2020-09-02 11:23 PM
We want to realise a cheap measurement of a external voltage over a voltage divider with a STM32F765ZI processor. We calculate VIL with the formula "0,35*VDD-0,04" which is guaranteed by design. On base of this calulated VIL we calculate our voltage divider, so that at 2,5V external voltage exactly the calculated VIL was at the pin of the µC. But, tested at two pins, the switching level differs from the calculation and also between the two pins:
Pin1:
Low <=3,115V:
High>= 3,90V
Pin2:
Low<=3,37V
High>=3,59V
Is that a normal behaviour?
So it is not possible to use an input pin with internal Schmitt trigger for a halfway exact input threshold?
Best regards
Volker
2020-09-02 11:26 PM
Does this diagram mean, that the switching point between low and high can be somewhere in the "Area not determined" and differs between the GPIOs of the same µC?
2020-09-03 01:38 AM
I don't think that voltages guaranteed by design are very accurate. Edit: accuracy is ofcourse relative. And Schmitt trigger input have hysteresis which complicates thinks.
Surely these are not voltages on CPU pins, are they? There is very little difference between high and low, and after your resistive divider, even less.
Pin1:
Low <=3,115V:
High>= 3,90V
Pin2:
Low<=3,37V
High>=3,59V
2020-09-03 02:34 AM
No, that are voltages at a resistor voltage divider with the factor 0,4351.

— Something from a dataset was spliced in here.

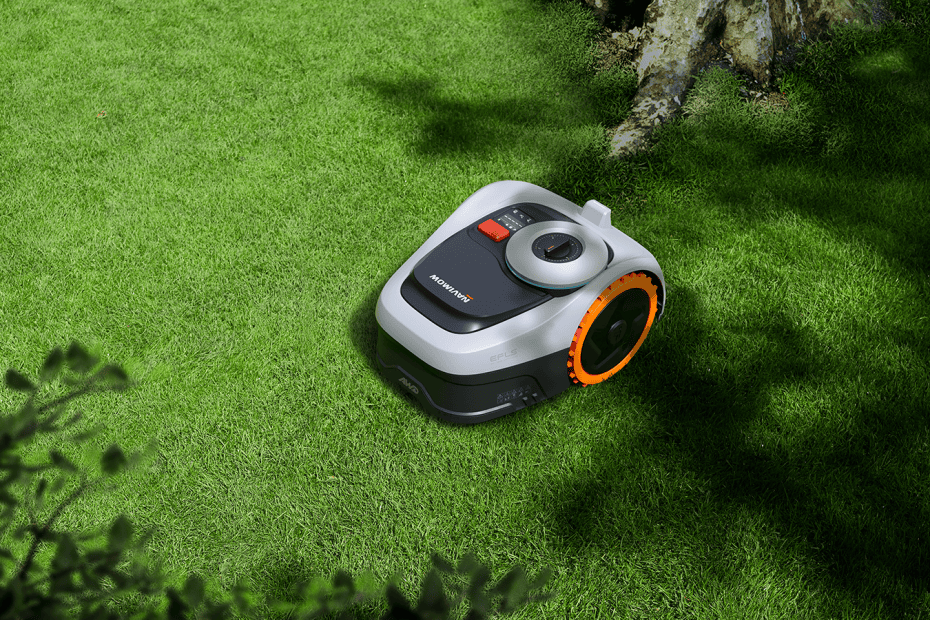 Ce robot tondeuse tond aussi bien qu’un jardinier pro (et sans effort)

That means 3,115V at the divider = 1,3553V at the pin of the controller.
2020-09-03 07:19 AM
> Does this diagram mean, that the switching point between low and high can be somewhere in the "Area not determined" and differs between the GPIOs of the same µC?

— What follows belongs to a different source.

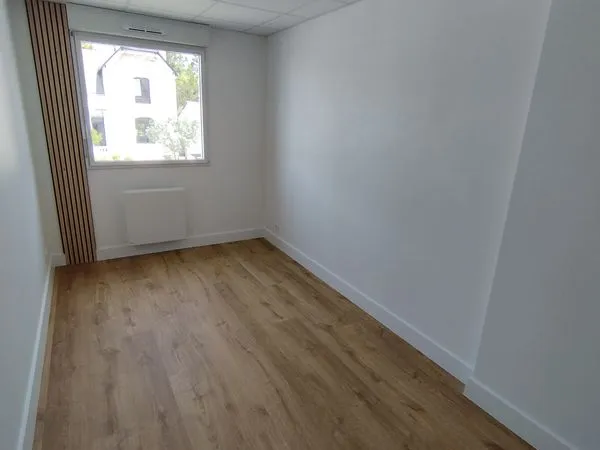 Bureau professionnel 11 m² - Vannes - Parking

It means they make no guarantees on how it operates in that region. It could vary between pins, between different chips, on the current temperature. If you need a precise reading, use the ADC or (in some devices) the comparator.
2020-09-03 09:02 PM
I tried more measures directly at the CPU pins without a voltage divider and on more pins. What I can see is, that the hysteresis on most of the pins is only 30mV to 70mV and they toggle extremly. Less of the pins have a hysteresis of about 200 to 270mV and they don`t toggle.
The hysteresis was given as 10% VDD in the datasheet specification. My expectation is, that datasheet parameters will be parameters that the µC will realize. I understand the behaviour in the "Are not determined", but the hysteresis is given as a parameter without tolerance. With a real hysteresis between 30mV and 305mv (with only 20% of the tested pins near 300mV) the darasheet parameter is not fulfilled in my opinion.
Best regards
Volker
2020-09-03 09:21 PM
Depending on the exact ground and power tracks layout, the power supply, surrounding circuitry and their activity, and the internal and external activity of the mcu itself, there is noise on the power versus ground pins. This is usually dominated by switching noise from inside the mcu. 10s or even a few 100s of mV are no surprise. Also there are voltage differences - across the whole frequency spectrum including DC - between the individual ground pins.
Welcome to the world of digital electronics, where it meets analog and HF.